Transformation of the Day: Lagacia lost 58 pounds. She is no stranger to the ups and downs of releasing the weight. This time, she decided that she didn’t want her journey to be miserable. She shared with us the powerful rules and tools she used to achieve lasting success. Check out her story.
Starting date and weight: October 2015 at 218 pounds
Goal date and weight: June 2017 at 160 pounds
Total loss: 58 pounds
Let me start by saying that I’ve been at my current weight twice. The first time in 2006 and second time in 2013. I used to believe that I didn’t have a problem losing weight. Instead, I felt that I had a problem keeping it off. So, I would continually do the same thing to lose and try different things to maintain the weight loss. I would be miserable while losing. Essentially, I rid myself of my social life out of fear that I would overeat or “cheat”. I totally cut out all of my favorite foods, and ate foods that I didn’t like because of the supposed health benefits. I also worked out incessantly.

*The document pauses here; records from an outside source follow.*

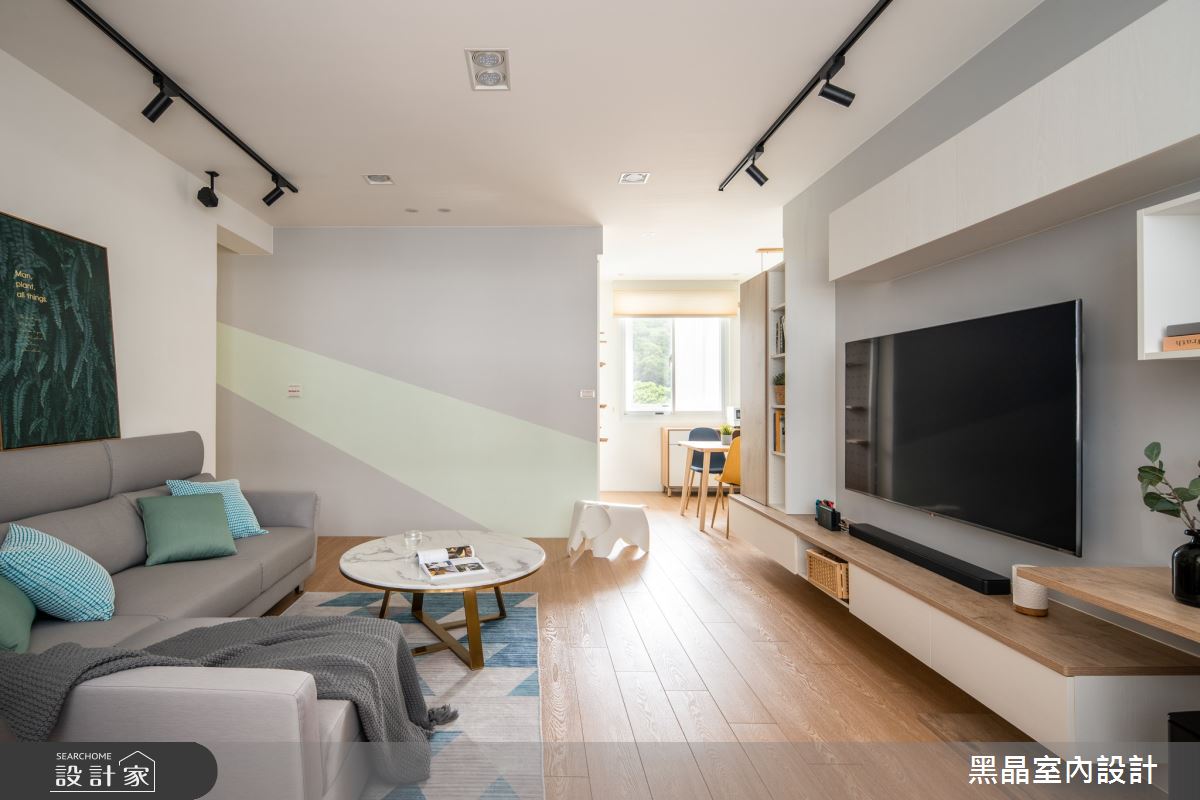 25坪老屋(31~40年)＿北歐風客廳案例圖片＿黑晶室內設計＿黑晶_40之4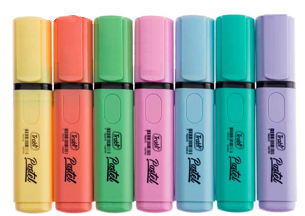 Resaltador Pastel en 10 Colores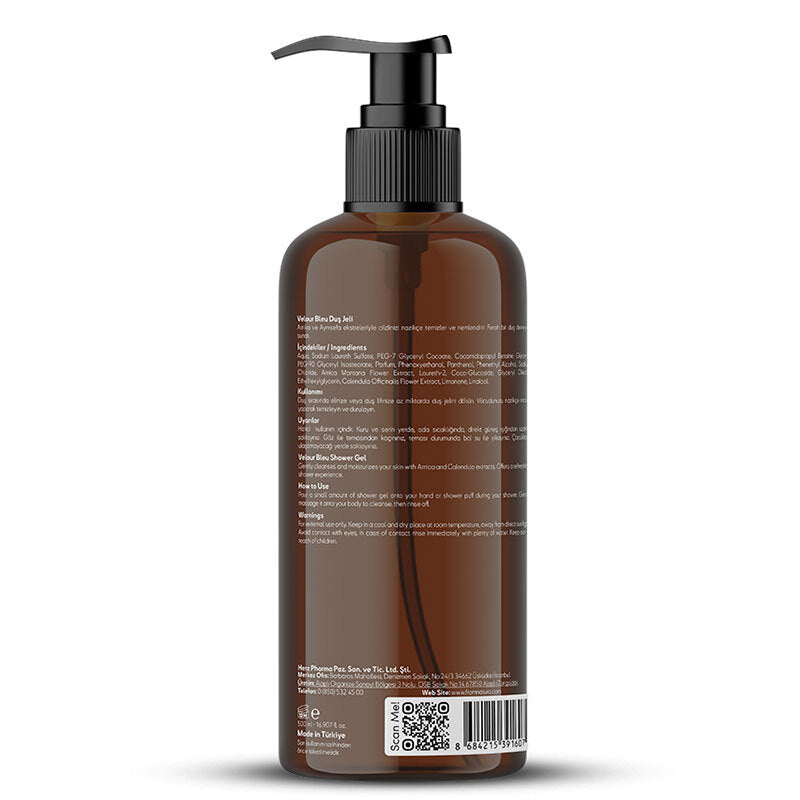 From Natura Velour Bleu Shower Gel with Arnica &amp; Calendula 500 ml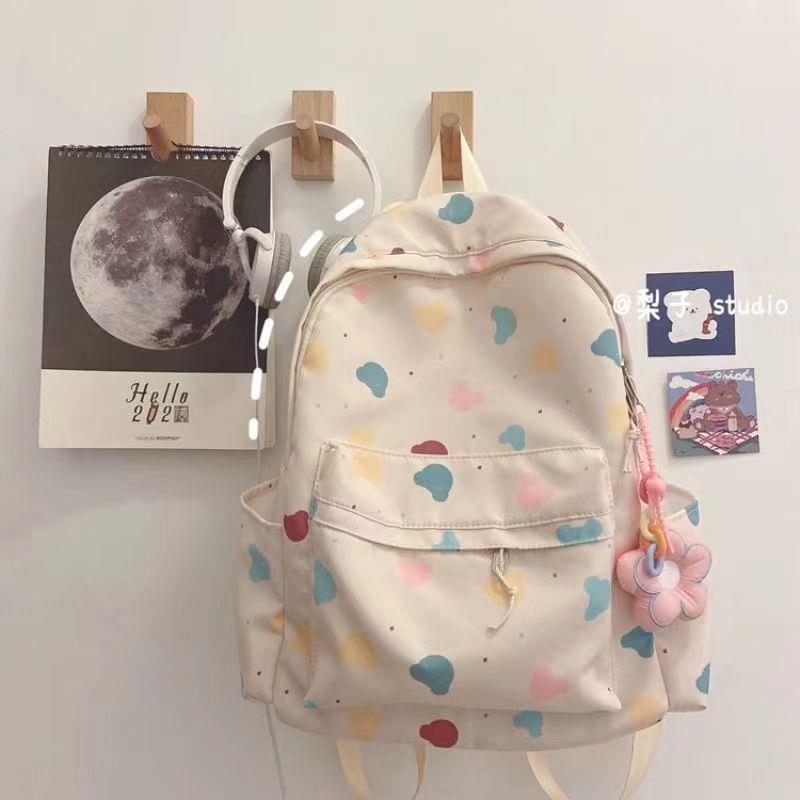 2023 New Cross-Border Korean Style Cute Refreshing Love Bear Backpack High School Primary School Student Backpack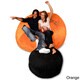 preview thumbnail 16 of 14, 6-foot Memory Foam Bean Bag Chair Orange Micro Suede - Jumbo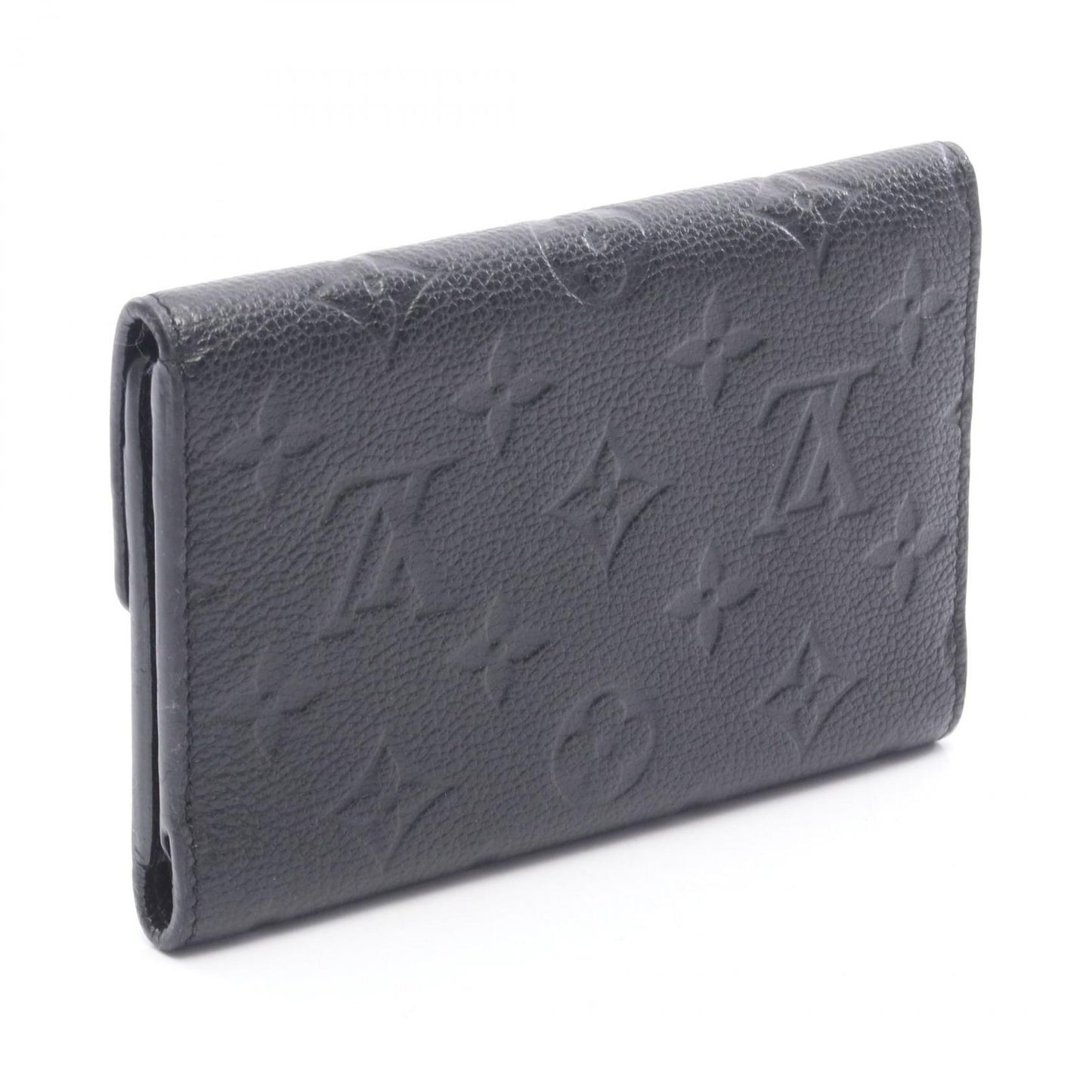 Louis Vuitton Trifold Wallet Portefeuille Compact Noir Leather Curille — view 2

Some days I would cry myself to sleep. Of course, after all of this, the weight would fall off slowly but eventually come back because I would simply get tired of being miserable.
This time, when I decided to lose weight, I vowed to myself that I would change a few things.
- There will be no deprivation. Instead, I would learn how to balance.
- If I’m not going to give something up for a lifetime, then I’m not giving it up temporarily just to lose weight.
- Speed of weight loss is unimportant.
- I’d focus on my victories off the scale, no matter how small they may seem.
- I’d treat the journey as if I was already at my goal rather than waiting until I got there to teach myself all new habits.
- I’d realize that when I stumble, it doesn’t make me a failure… it makes me human.
- I’d work primarily on strengthening my mind and secondarily on decreasing my waistline.
Now, I can honestly say that this is the first time I’ve truly enjoyed my journey. No tears of unhappiness, disappointment, or frustration have been shed. I am proud to say that I reached my goal in June and have successfully – and happily – kept the weight off.
I started this journey by joining a gym in October 2015 with a target of working out at least 3 times a week. I also tracked my food intake using My Fitness Pal. I lost 11 pounds on my own before deciding to rejoin Weight Watchers in May 2016. Essentially, I rejoined to support a friend who wanted to join and was curious about the program. I reached Weight Watchers’ Lifetime status in June 2017. That means I don’t have to pay for the meetings and eTools as long as I do not go 2 lbs or more over my goal weight. Lifetime status continues to be a source of motivation.
For workouts, I try to exercise 3-4 times a week, doing either HIIT cardio or strength training. Honestly, I haven’t been very regimented in that regard. These days, however, I am in the midst of a 12 week free program from Bodybuilding.com to work more on my tightening and toning.
Biggest Lesson Learned: It’s funny how it just clicked into my head one day that I needn’t be perfect all the time in order to get the results I seek. Consistency is essential for long-lasting results, not perfection. I’ve had days where I ate more than my food intake goals. I’ve had full weeks where I didn’t track my intake at all. I’ve had weekly weigh-ins where I’ve gained. I’ve had weeks where I didn’t work out at all. I’ve given into temptations. I’ve made plans to be on track while on a vacation or at an event… and then didn’t.
Through all of this, I have never “restarted”. It’s all a part of the same journey, and that same journey will last a lifetime. For me, steering off a perfect path and getting back on track is not considered a restart. There will be ups and downs. I will slip and that’s ok. What separates successful from unsuccessful is what I choose to do after a slip.
Advice for other people who want to lose weight: Negative talk serves absolutely no purpose in the short or long term. Practice getting away from those thoughts. I’ve been there. Looking back, it was no fun and certainly unnecessary. Now don’t get me wrong, from time to time those thoughts creep back in but they don’t stay overnight… not even on the couch! They gots to go! No freeloading!
Be kind to yourself. It really makes a world of a difference in how much you enjoy the journey. Happiness is not a destination, and trying to reach the unreachable expectation of perfection isn’t going to get you there. It will just drive you closer to the brink of insanity. You can experience happiness when you decide that, in this moment, there is no better time to be happy. That means unconditionally accepting yourself in this moment and moving forward, just the way you are – flaws and all.